===== Data records
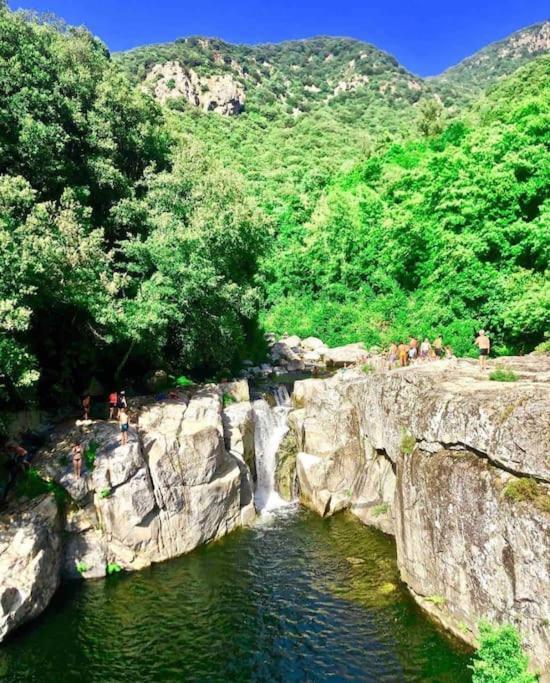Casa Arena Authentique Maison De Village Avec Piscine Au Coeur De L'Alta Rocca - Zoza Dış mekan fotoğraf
==========
===== Data records
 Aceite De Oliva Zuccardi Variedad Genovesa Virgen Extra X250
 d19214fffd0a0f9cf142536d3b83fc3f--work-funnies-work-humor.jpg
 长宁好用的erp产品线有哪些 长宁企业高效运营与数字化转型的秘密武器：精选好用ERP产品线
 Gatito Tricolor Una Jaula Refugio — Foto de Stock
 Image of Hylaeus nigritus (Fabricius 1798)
==========
## What is being asked
Reproduce word for word the material above, beginning with the line that contains "Aceite De Oliva" and ending with the line that contains "Image of Hylaeus nigritus (Fabricius 1798)".

## Answer area
 Aceite De Oliva Zuccardi Variedad Genovesa Virgen Extra X250
 d19214fffd0a0f9cf142536d3b83fc3f--work-funnies-work-humor.jpg
 长宁好用的erp产品线有哪些 长宁企业高效运营与数字化转型的秘密武器：精选好用ERP产品线
 Gatito Tricolor Una Jaula Refugio — Foto de Stock
 Image of Hylaeus nigritus (Fabricius 1798)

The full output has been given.